By combining the two loops we reduce the number of times that the blocks $A_{i,p}$ need to be read from memory:

\begin{equation*} \begin{array}{rcl} \begin{array}[t]{c} \underbrace{ m_C n \beta_{C \leftrightarrow M}} \\ \mbox{load}~C_{i,j} \end{array} \amp + \amp \begin{array}[t]{c} \underbrace{ m_C k_C \beta_{C \leftrightarrow M}} \\ \mbox{load}~A_{i,p} \end{array} + \begin{array}[t]{c} \underbrace{ k_C n \beta_{C \leftrightarrow M}} \\ \mbox{load}~B_{p,j} \end{array} \\[0.2in] \amp + \amp \begin{array}[t]{c} \underbrace{ 2 m_C n k_C \gamma_C} \\ \mbox{update}~C_{i} +:= A_{i,p} B_{p} \end{array} + \begin{array}[t]{c} \underbrace{ m_C n \beta_{C \leftrightarrow M}} \\ \mbox{store}~C_{i,j} \end{array} \end{array} \end{equation*}

which equals

\begin{equation*} \begin{array}[t]{c} \underbrace{ m_C k_C + \left( 2 m_C n + k_C n \right) \beta_{C \leftrightarrow M} } \\ \mbox{data movement overhead} \end{array} + \begin{array}[t]{c} \underbrace{ 2 m_C n k_C \gamma_C. } \\ \mbox{useful computation} \end{array} \end{equation*}

Hence, the ratio of time spent in useful computation, and time spent in moving data between main memory and cache is given by

\begin{equation*} \frac{ 2 m_C n k_C \gamma_C} { \left( 2 m_C n + m_C k_C + k_C n \right) \beta_{C }}. \end{equation*}

Another way of viewing this is that the ratio between the number of floating point operations, and number of doubles loaded and stored is given by

\begin{equation*} \frac{ 2 m_C n k_C} { 2 m_C n + m_C k_C + k_C n }. \end{equation*}

If, for simplicity, we take $m_C = k_C = b$ then we get that

\begin{equation*} \frac{ 2 m_C n k_C} { 2 m_C n + m_C k_C + k_C n }. = \frac{2 b^2 n}{3b n + b^2} \approx \frac{2 b^2n}{3bn} \approx \frac{2b}{3} \end{equation*}

if $b$ is much smaller than $n \text{.}$ This is a slight improvement over the analysis from the last unit.

###### Remark3.2.6.
In our future discussions, we will use the following terminology:
• A $m_R \times n_R$ submatrix of $C$ that is being updated we will call a micro-tile.

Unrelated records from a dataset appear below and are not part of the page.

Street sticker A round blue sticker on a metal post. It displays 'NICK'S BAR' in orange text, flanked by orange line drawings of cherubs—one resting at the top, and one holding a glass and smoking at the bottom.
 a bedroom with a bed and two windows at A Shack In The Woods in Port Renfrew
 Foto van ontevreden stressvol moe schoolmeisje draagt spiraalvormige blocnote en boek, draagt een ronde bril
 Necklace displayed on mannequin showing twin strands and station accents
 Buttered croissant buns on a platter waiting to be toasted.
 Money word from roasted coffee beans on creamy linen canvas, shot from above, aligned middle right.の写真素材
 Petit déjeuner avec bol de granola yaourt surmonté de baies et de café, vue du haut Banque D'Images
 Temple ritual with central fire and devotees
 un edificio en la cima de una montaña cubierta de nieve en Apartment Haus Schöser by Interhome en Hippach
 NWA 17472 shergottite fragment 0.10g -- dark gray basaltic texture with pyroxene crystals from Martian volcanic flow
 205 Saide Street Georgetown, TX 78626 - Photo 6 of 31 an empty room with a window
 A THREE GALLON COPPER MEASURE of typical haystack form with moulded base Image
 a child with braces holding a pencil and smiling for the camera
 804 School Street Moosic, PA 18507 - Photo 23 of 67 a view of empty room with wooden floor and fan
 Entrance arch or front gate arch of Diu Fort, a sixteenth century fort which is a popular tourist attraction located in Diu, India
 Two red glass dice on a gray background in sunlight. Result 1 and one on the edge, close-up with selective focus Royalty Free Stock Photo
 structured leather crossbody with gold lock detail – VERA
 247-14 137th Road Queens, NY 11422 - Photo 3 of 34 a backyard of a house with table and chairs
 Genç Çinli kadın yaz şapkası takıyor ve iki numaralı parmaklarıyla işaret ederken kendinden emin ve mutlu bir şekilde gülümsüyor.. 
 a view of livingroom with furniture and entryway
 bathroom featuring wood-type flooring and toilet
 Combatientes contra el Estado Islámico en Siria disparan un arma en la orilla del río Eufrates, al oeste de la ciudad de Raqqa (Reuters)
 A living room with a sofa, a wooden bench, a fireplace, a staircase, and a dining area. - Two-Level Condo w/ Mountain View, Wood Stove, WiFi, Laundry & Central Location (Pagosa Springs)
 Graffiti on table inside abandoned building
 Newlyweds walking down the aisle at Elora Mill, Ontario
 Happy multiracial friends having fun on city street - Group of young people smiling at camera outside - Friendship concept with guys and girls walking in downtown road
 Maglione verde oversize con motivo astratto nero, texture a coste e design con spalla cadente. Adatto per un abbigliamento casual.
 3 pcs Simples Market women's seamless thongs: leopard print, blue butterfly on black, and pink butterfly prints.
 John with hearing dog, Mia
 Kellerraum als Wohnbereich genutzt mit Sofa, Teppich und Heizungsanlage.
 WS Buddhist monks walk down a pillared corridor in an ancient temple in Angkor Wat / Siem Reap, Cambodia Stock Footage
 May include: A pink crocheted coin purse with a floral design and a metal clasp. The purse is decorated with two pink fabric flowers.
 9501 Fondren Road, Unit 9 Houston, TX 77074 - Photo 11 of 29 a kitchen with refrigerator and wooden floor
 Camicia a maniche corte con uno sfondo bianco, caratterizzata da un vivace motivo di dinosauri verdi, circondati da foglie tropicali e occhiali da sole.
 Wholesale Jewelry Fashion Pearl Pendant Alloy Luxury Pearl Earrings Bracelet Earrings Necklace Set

• The $m_R \times k_C$ submatrix of $A$ and $k_C \times n_R$ submatrix of $B$ we will call micro-panels.

• The routine that updates a micro-tile by multiplying two micro-panels we will call the micro-kernel.

###### Remark3.2.7.

The various block sizes we will further explore are

• $m_R \times n_R \text{:}$ the sizes of the micro-tile of $C$ that is kept in the registers.

• $m_C \times k_C \text{:}$ the sizes of the block of $A$ that is kept in the L2 cache.